No words for that kind of action, but so glad it happened thatta way for my own earbones.
That is very true. That said, all the real darkies listened to Bauhaus while the posers listened to The Cure . I might be wrong on this but I think The Cure was instrumental in mixing the campy and the dark for future generations. Then came Love and Rockets (and The Bubblemen!) and really pee’ed on the wall between dark and campy, but that’s a different story.
The OP is “most influential music OF ALL TIME.” The Replacements? Really? Of all time? The question isn’t “Who is your favorite?” or “Most influential of your lifetime” (and even for the latter, it ain’t the Replacements).

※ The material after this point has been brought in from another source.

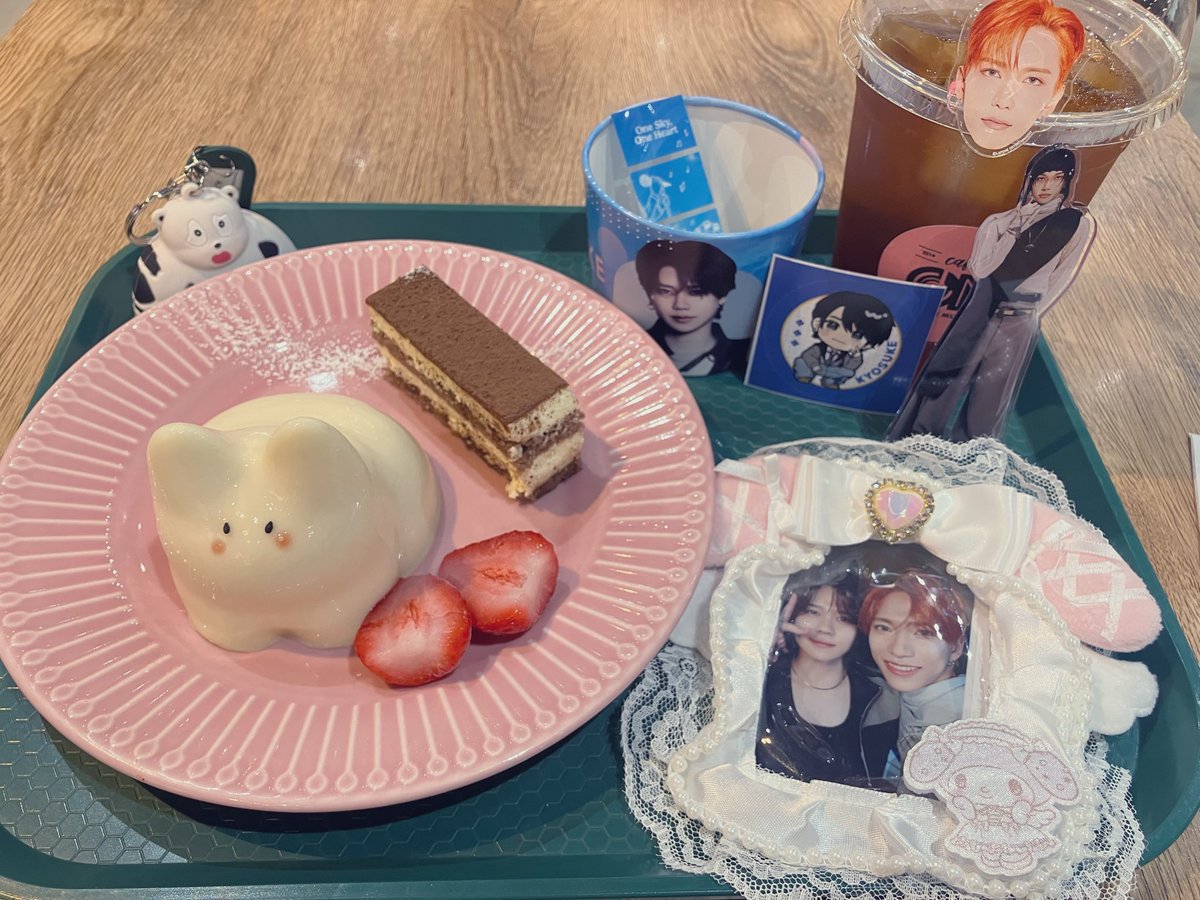 riigasukinami84's tweet photo. 京ちゃんセンイルカフェ💙
これで我が家のカプホルが髙牧リヒトゥーになりましたありがとうございました♡

#Cafeon 
#藤牧京介BirthdayProject2026 https://t.co/7golNpMTVH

I think this question is unanswerable and kind of silly but has to be some unnamed protohuman who banged something onto something else in a steady rhythm. Maybe also the guy who grunted out some sort of sound with his mouth in time to that. Everything after that was gravy.
CJJ*: I guess I’m one of the few ‘casual fans’ of the Velvet Underground. The moment I saw them mentioned “I’m Set Free” started playing in my head, yet I have no musical talent or ambitions and I’ve never been seriously moved to pick up a guitar, marimba, oboe, or harpsichord and react to anything they did on any of the albums they own.
Note that influential doesn’t mean good. Lots of influential music is pretty well unlistenable to most people, the VU being a prime example. Hell, even I admit they get fairly pretentious and can really drag along. The Sex Pistols are a much better example of influential ≠ good. Nobody can deny their influence, but, well, to buy their album is to know what it feels like to be cheated.
The New York Dolls haven’t been mentioned yet so I’ll do the honors: Ugly guys in drag from New York (What’re the odds!?) invent punk except they don’t, they just blast through high-energy pop music without a whole hell of a lot of technical skill. One of them grew up to become Buster Poindexter and had a completely inane hit that got morons on the dance floor in droves called “Hot Hot Hot”.